[<prev] [next>] [<thread-prev] [thread-next>] [day] [month] [year] [list]
Message-ID: <CAJuCfpHomWFOGhwBH8e+14ayKMf8VGKapLP1QBbZ_fumMPN1Eg@mail.gmail.com>
Date: Mon, 28 Apr 2025 13:14:31 -0700
From: Suren Baghdasaryan <surenb@...gle.com>
To: "Liam R. Howlett" <Liam.Howlett@...cle.com>, Lorenzo Stoakes <lorenzo.stoakes@...cle.com>,
Andrew Morton <akpm@...ux-foundation.org>, Vlastimil Babka <vbabka@...e.cz>, Jann Horn <jannh@...gle.com>,
Pedro Falcato <pfalcato@...e.de>, David Hildenbrand <david@...hat.com>, Kees Cook <kees@...nel.org>,
Alexander Viro <viro@...iv.linux.org.uk>, Christian Brauner <brauner@...nel.org>, Jan Kara <jack@...e.cz>,
Suren Baghdasaryan <surenb@...gle.com>, linux-mm@...ck.org, linux-fsdevel@...r.kernel.org,
linux-kernel@...r.kernel.org
Subject: Re: [PATCH v3 1/4] mm: establish mm/vma_exec.c for shared exec/mm VMA functionality
On Mon, Apr 28, 2025 at 12:20 PM Liam R. Howlett
<Liam.Howlett@...cle.com> wrote:
>
> * Lorenzo Stoakes <lorenzo.stoakes@...cle.com> [250428 11:28]:
> > There is functionality that overlaps the exec and memory mapping
> > subsystems.
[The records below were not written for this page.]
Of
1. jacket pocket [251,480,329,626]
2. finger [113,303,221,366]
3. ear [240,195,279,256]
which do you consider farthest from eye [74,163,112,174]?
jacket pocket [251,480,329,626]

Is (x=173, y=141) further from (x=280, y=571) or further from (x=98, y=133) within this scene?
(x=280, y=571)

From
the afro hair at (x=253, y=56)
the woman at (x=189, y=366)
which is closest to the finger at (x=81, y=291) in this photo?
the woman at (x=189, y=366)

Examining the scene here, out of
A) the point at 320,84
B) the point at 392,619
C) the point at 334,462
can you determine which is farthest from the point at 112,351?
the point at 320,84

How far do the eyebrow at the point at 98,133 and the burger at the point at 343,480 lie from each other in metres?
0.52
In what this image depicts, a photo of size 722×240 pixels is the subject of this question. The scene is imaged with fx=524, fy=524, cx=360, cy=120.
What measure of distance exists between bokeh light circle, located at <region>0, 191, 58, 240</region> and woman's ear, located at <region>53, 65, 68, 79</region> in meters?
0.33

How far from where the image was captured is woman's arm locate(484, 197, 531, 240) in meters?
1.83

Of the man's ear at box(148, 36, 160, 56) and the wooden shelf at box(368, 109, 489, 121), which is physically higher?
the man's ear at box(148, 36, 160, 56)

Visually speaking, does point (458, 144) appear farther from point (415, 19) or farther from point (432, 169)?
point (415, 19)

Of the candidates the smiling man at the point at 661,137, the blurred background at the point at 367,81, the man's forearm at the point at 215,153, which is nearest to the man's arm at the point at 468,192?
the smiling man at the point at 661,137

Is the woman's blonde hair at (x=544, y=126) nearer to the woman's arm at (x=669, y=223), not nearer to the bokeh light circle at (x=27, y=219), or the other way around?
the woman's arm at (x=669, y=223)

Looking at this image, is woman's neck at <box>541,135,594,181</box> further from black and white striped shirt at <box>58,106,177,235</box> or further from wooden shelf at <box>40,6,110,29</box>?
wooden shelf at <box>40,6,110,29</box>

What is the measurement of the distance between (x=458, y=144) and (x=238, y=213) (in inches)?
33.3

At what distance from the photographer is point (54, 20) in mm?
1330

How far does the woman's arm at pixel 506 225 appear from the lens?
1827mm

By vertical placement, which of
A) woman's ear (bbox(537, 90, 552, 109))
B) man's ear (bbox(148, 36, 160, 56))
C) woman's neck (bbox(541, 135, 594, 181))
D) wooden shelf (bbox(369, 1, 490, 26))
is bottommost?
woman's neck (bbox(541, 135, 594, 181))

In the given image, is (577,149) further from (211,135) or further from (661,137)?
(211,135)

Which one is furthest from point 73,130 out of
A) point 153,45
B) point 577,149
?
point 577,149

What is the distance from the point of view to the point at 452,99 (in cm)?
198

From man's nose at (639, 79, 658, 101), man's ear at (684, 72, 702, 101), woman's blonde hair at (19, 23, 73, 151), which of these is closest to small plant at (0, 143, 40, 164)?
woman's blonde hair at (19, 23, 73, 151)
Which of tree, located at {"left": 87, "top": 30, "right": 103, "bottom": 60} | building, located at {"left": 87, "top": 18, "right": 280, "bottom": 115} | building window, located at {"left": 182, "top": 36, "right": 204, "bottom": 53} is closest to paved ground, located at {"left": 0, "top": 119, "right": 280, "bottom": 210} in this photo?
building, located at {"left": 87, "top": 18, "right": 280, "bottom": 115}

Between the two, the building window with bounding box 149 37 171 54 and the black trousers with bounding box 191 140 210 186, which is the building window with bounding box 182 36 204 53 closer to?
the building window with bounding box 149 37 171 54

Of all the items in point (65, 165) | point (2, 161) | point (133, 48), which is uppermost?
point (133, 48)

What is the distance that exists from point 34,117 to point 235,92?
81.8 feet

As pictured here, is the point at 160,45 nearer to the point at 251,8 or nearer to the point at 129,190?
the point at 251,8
While it properly belongs in mm, it is important that exec
> > maintainers maintain oversight of this functionality correctly.
> >
> > We can establish both goals by adding a new mm/vma_exec.c file which
> > contains these 'glue' functions, and have fs/exec.c import them.
> >
> > As a part of this change, to ensure that proper oversight is achieved, add
> > the file to both the MEMORY MAPPING and EXEC & BINFMT API, ELF sections.
> >
> > scripts/get_maintainer.pl can correctly handle files in multiple entries
> > and this neatly handles the cross-over.
> >
> > Signed-off-by: Lorenzo Stoakes <lorenzo.stoakes@...cle.com>
>
> Reviewed-by: Liam R. Howlett <Liam.Howlett@...cle.com>
Reviewed-by: Suren Baghdasaryan <surenb@...gle.com>
>
> > ---
> > MAINTAINERS | 2 +
> > fs/exec.c | 3 ++
> > include/linux/mm.h | 1 -
> > mm/Makefile | 2 +-
> > mm/mmap.c | 83 ----------------------------
> > mm/vma.h | 5 ++
> > mm/vma_exec.c | 92 ++++++++++++++++++++++++++++++++
> > tools/testing/vma/Makefile | 2 +-
> > tools/testing/vma/vma.c | 1 +
> > tools/testing/vma/vma_internal.h | 40 ++++++++++++++
> > 10 files changed, 145 insertions(+), 86 deletions(-)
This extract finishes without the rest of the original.